What is expected. In the listing below, print exactly the lines between the line holding "Ein Schiff auf dem Chiemsee" and the line holding "Motoreduktor kątowy 0.37kw.", inclusive, and no more.
BEGIN Supplied material
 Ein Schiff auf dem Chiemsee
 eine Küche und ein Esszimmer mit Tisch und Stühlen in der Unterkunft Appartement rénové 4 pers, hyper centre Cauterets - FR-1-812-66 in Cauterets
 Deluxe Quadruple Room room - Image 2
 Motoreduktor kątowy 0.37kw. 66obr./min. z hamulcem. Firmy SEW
END Supplied material
BEGIN Supplied material
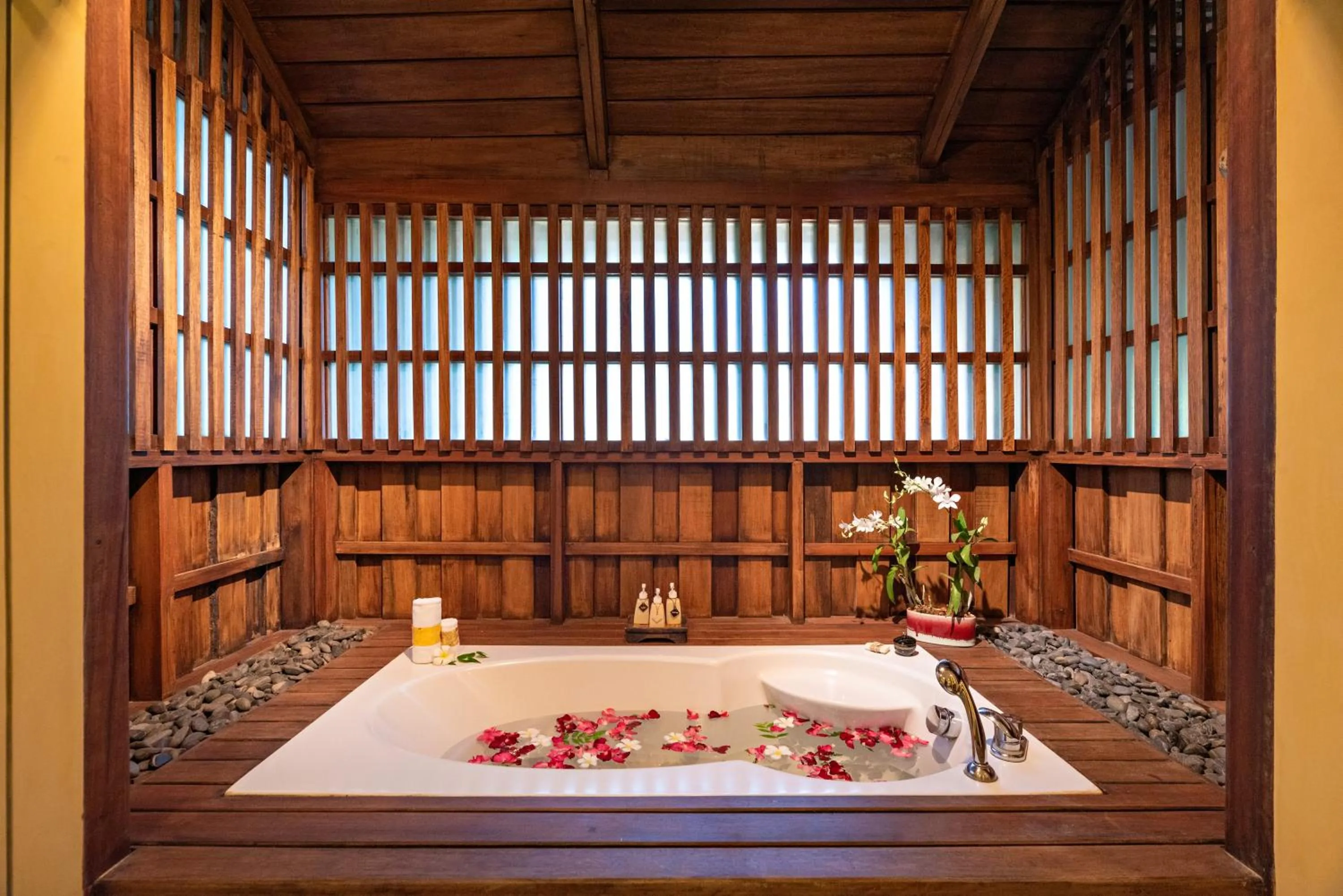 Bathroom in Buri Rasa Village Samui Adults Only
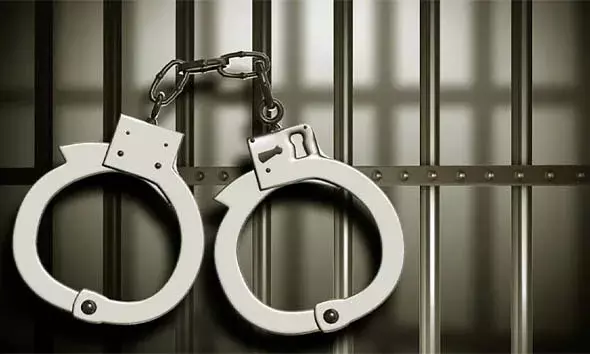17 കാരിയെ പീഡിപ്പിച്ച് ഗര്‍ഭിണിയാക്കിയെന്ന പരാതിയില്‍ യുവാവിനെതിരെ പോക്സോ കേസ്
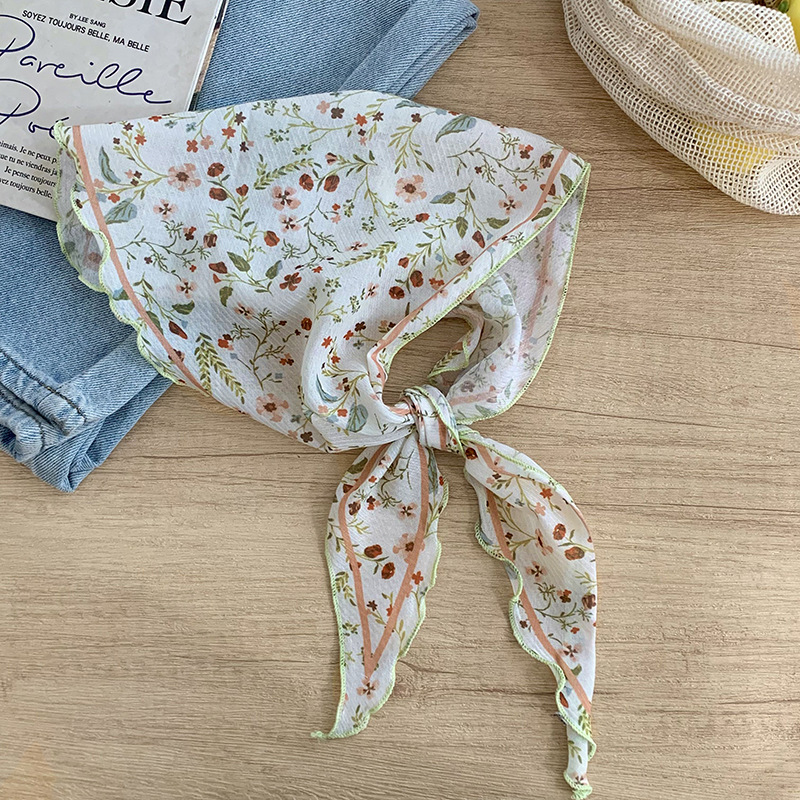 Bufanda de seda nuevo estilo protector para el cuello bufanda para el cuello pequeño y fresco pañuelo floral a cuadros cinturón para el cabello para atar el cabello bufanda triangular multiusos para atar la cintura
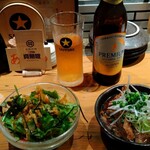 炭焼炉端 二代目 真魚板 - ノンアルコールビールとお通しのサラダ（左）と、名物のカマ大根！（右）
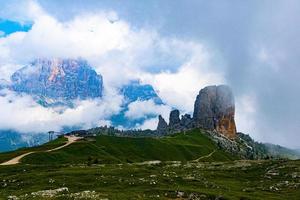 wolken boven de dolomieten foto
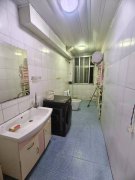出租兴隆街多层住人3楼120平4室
END Supplied material
Reply to the exercise.
 Ein Schiff auf dem Chiemsee
 eine Küche und ein Esszimmer mit Tisch und Stühlen in der Unterkunft Appartement rénové 4 pers, hyper centre Cauterets - FR-1-812-66 in Cauterets
 Deluxe Quadruple Room room - Image 2
 Motoreduktor kątowy 0.37kw. 66obr./min. z hamulcem. Firmy SEW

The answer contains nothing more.